Write out the data word for word and omit every picture.
──────── Stored data
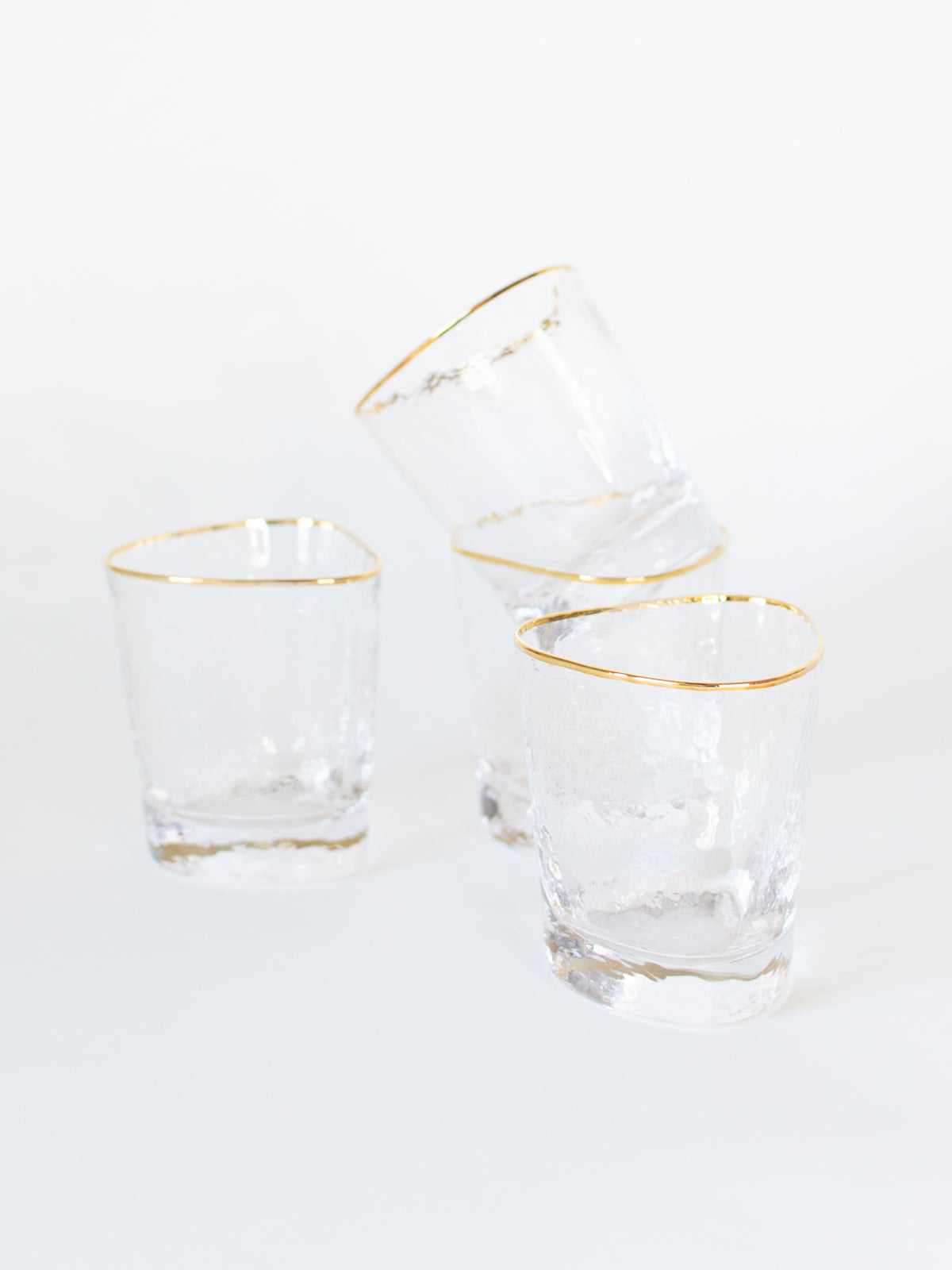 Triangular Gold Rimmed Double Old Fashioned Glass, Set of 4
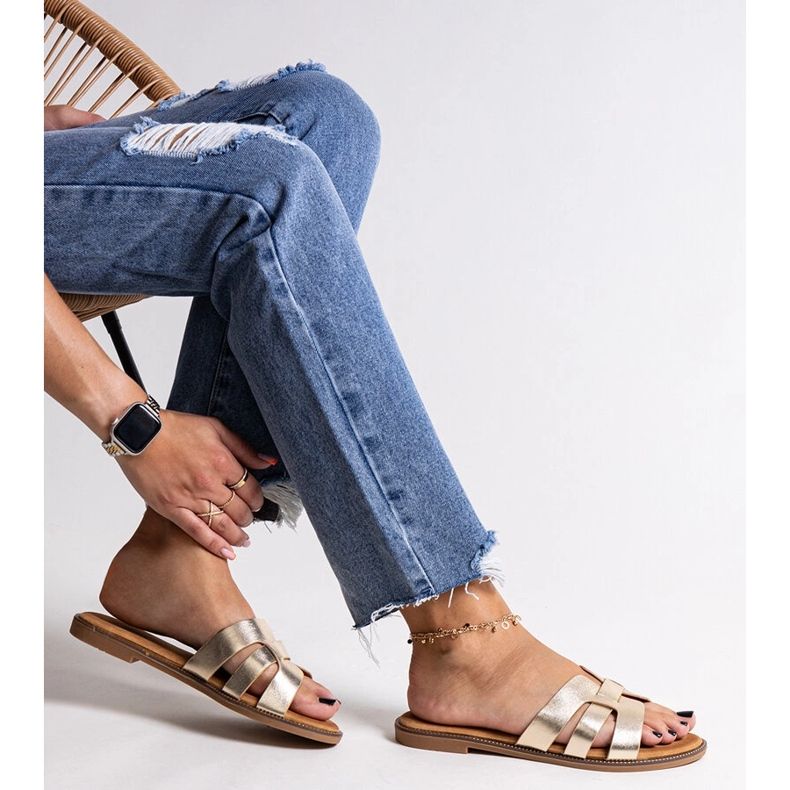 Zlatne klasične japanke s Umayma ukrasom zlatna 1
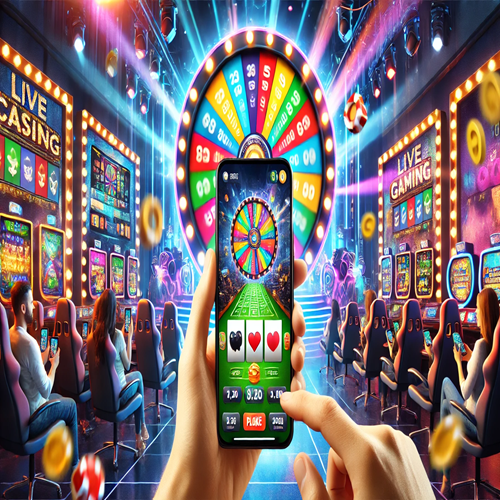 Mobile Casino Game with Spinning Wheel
────────────────
_Written response_
 Triangular Gold Rimmed Double Old Fashioned Glass, Set of 4
 Zlatne klasične japanke s Umayma ukrasom zlatna 1
 Mobile Casino Game with Spinning Wheel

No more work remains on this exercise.